I want to remind all readers that this series of articles rating the junior hockey leagues in North America is based upon independent opinions and analysis of scouts throughout the United States and Canada.
This rating is based upon the 2018-2019 season and nothing more. League history does not come into account in any way. What they did five or ten years ago has zero impact on todays ranking. It is a statement on development of players and how hard those leagues work to move players up to higher levels.
The criteria that was used in rating these twenty leagues, was how do teams within the leagues compare when developing players who move on to the NHL, NCAA, Canadian University, USHL, NAHL, Canada Junior A and Major Junior hockey programs.

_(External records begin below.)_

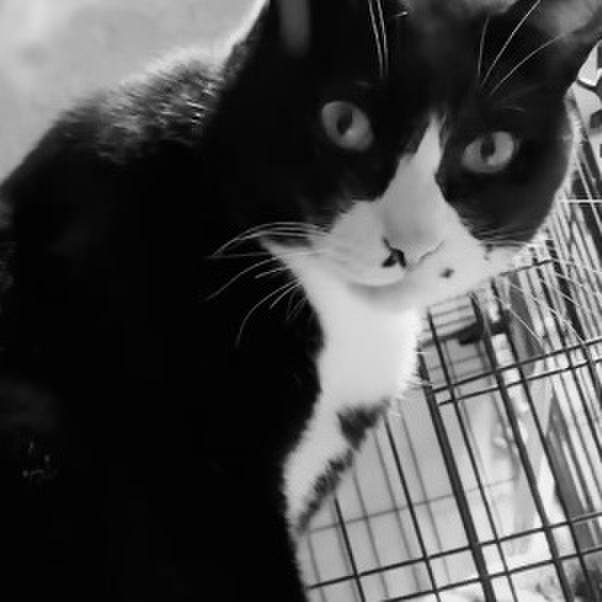 Fd07db45 4797 46c0 8448 8f9d956f09e5 1746523993147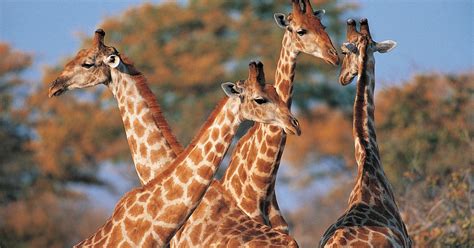 DNA Surprise! Giraffes Are Four Species, Not One | HuffPost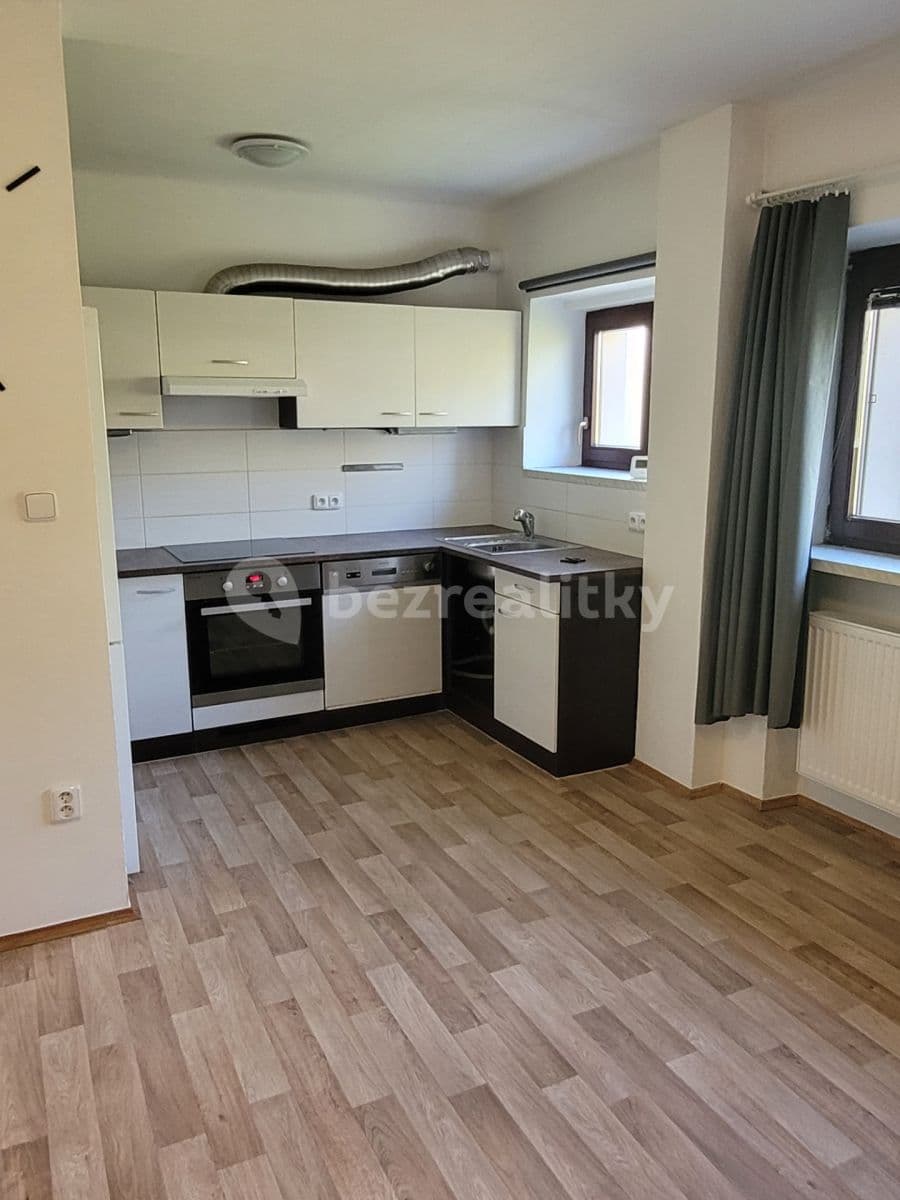 1 bedroom with open-plan kitchen flat to rent, 45 m², Opuková, Prague, Prague 1 bedroom with open-plan kitchen flat to rent, 45 m², Opuková, Prague, Prague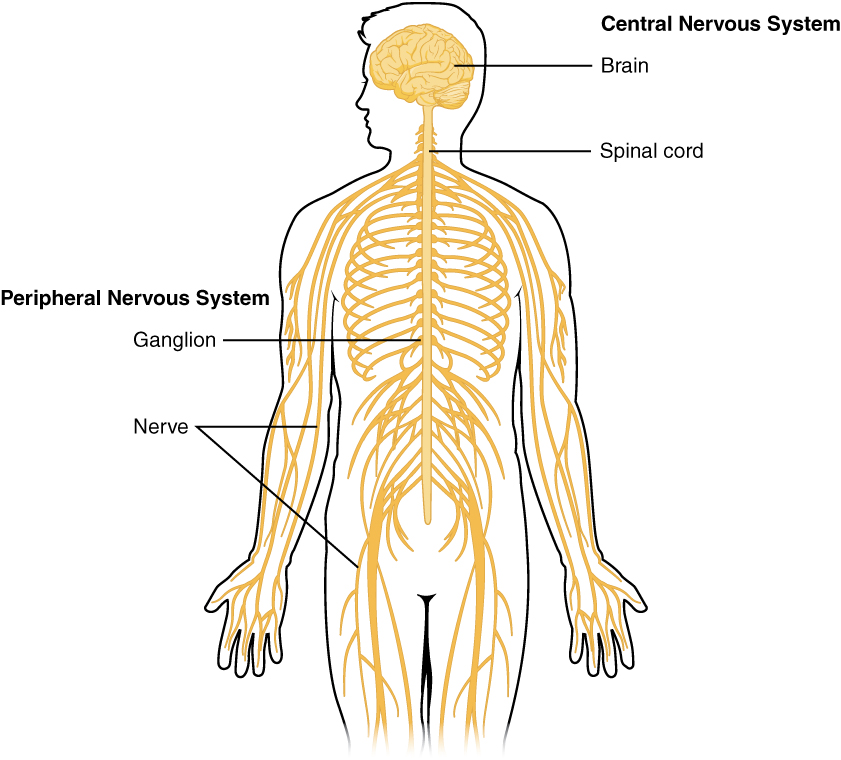 https://upload.wikimedia.org/wikipedia/commons/d/d3/1201_Overview_of_Nervous_Systemjpg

1. The United States Hockey League
The USHL is once again proving it is the dominant path for development. Anyone who wants to argue this point can simply look to last years NHL draft results. Now is when I look for our Canadian readers to chime in on things. The majority of NHL free agent signings also come through the USHL to NCAA path. The number of players looking at the USHL as a viable option to keep their NCAA opportunities open is continuously growing. Experts around the world expect this trend to continue.
2. The Ontario Hockey League
The OHL is still an incredible development option for those players who are on the fast track to the NHL, but it no longer dominates hockey development as it did ten or more years ago. A continued lack of depth is reducing its numbers of players moving on. Players have recognized the clear advantages of playing in the USHL and keeping their NCAA opportunity open until their draft year has passed.
3. The Western Hockey League
The WHL is raising its offensive game. Once known as a factory for physically dominating defensive prospects, the WHL is now producing some very talented offensive players. While still maintaining their reputation as a hard defensive minded league, the forwards playing and producing in this league are better prepared for the NHL because of it.
4. North American Hockey League
The NAHL is still the leader in direct to NCAA Division One placement. It is a league of players who tend to develop a little later, and trend a little older. The NAHL is a very hard league to play in. Fast and physical, the league is very difficult to break into and not one for younger players. The NAHL is developing a steady stream of players that now make it to the NHL after NCAA hockey.
5. British Columbia Hockey League
The BCHL continues to out produce the rest of Canada when it comes to NCAA and CIS placement. Many of those NCAA players are moving on to professional hockey. The BCHL simply recruits better, and develops more players because they have higher standards than the rest.
6. The Quebec Major Junior League
The QMJHL is still hanging on to the number six spot. The league while still producing some NHL talent has largely become an afterthought in Canada. Fewer players every year are choosing the QMJHL over Junior A, or heading south to the USA. The 2020 NHL draft may help shine the light back on the QMJHL for the next few seasons, and the hope is that with NHL draft success, the QMJHL can once again raise its game to what it once was.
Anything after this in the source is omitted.